What happens when a dozen farmers, a half dozen interested citizens, a shellfish farmer, a Skagit County Commissioner, staff from Skagit County Public Works and the Skagit Conservations District, and a couple environmentalists all get together? A lot of ideas are generated!
This happened during a recent meeting at the Alger Community Hall hosted by the Skagit Conservation District. The purpose of the meeting was to give everyone a chance to talk about ways to solve fecal coliform pollution in the Samish River caused by animal waste.
After an introduction by Carolyn Kelly, Skagit Conservation District Director, Skagit County’s Water Quality Analyst Rick Haley took the stage and explained that although water quality in the Samish has shown a lot of improvement over the last year, fecal coliform pollution is ongoing. The water is periodically unsafe for shellfish harvesting, and unsafe for family recreation. Following this update, the 25 or so attendees divided up into two groups. Once in the groups we brainstormed possible answers to two questions: “What is causing the fecal coliform pollution, and what should be done to solve this problem?”
Everybody offered up their ideas, and a moderator listed them on a poster board. Then each group presented their ideas to the entire group. A few of the ideas resulted in some audible grumbling, but everybody was civil and seemed genuinely interested in new ideas. Here’s an unadulterated list of what both groups came up with:
- Uncovered piles of horse manure should be covered so they don’t become a source of pollution.
- More farms should follow farm plans.
- Hobby farmers should be required to get farm plans.
- Farm plans are great, but someone should field verify that they’re being followed.
- The many large drainage pipes that connect ditches and drain tiles to the Samish River should be tested to see if they are sources of pollution.
- Neighbors should talk to neighbors and try to stop pollution problems amongst themselves, without regulators.
- More peer to peer pressure, less regulations are needed.
- Regulators should stop blaming farmers.
- Everybody in the community would benefit from more education, in short courses, such as at local feed stores or Grange Halls.
- There needs to be more education about pet waste.
- Compliance inspections should be more consistent.

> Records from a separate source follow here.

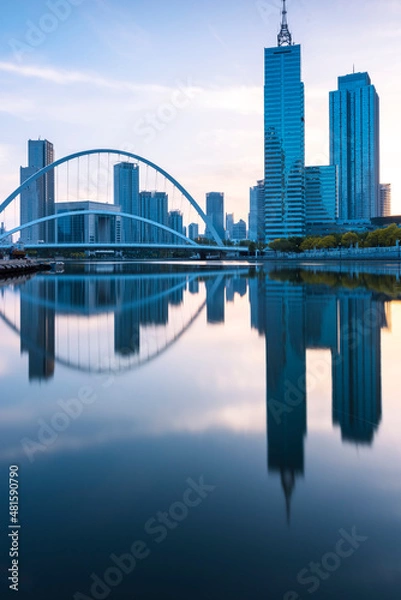 Obraz In the evening, the city skyscrapers are reflected on the water, and the picture is very beautiful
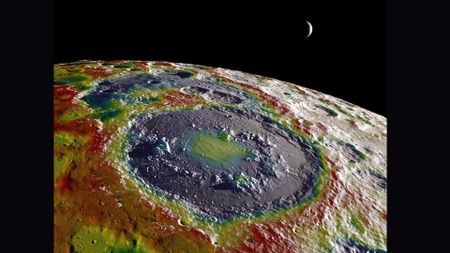 A heat map of the surface of the moon showing a large dark blue circle of a meteorite crater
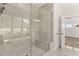 Spacious walk-in shower with built-in bench and glass enclosure at 1005 Coleman Place Dr, Roswell, GA 30075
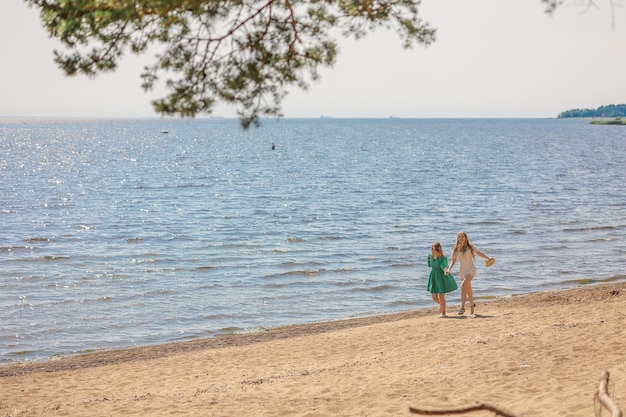 Chicas sonrientes caminando por la costa Concepto de amistad, entretenimiento y diversión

- Inspectors should look for all sources of pollution, not just from horses and cows.
- Inspectors should test the water every 10’ until “they” figure out where the problem is coming from.
- Stop looking for problems, start focusing on positive steps that have been taken.

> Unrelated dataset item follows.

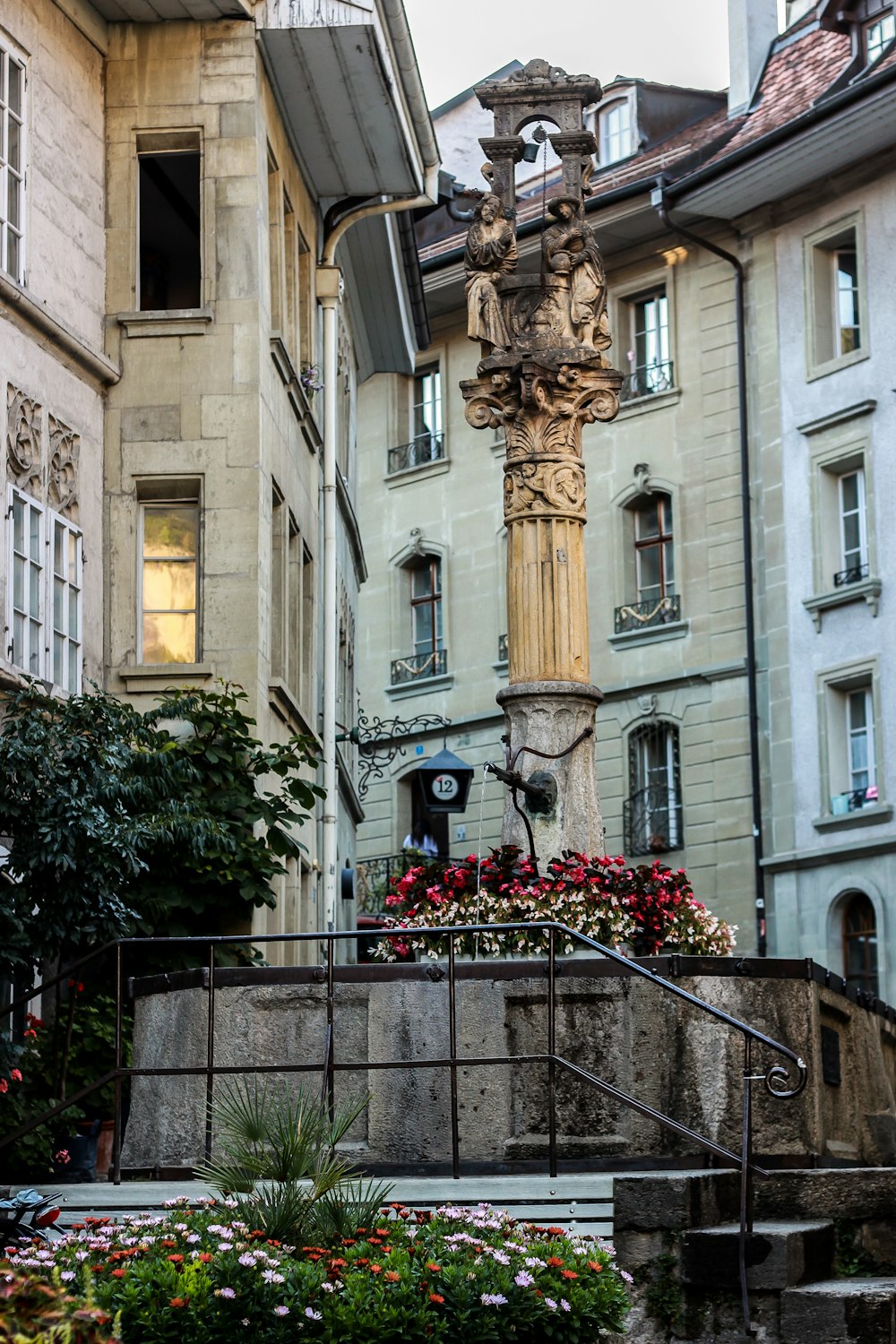 a statue in front of a building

- Publicize the places that have been fixed, and write articles about them.
- More small meetings, such as this, in local grange halls and kitchen tables will help to keep this conversation alive.

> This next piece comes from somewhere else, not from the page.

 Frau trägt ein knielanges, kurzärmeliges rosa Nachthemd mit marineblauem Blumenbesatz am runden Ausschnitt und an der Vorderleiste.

The best thing about this meeting was that a diverse group of people sat down together in a room and voiced their ideas. All of us want a clean river, and this is a great way to get everyone's ideas out in the open. Even though some people disagreed with a few of the ideas, everyone listened. I’m looking forward to more of these meetings, in the grange halls and other meeting places. Have any more ideas to add to the list? Thanks to Skagit Conservation District for hosting this meeting!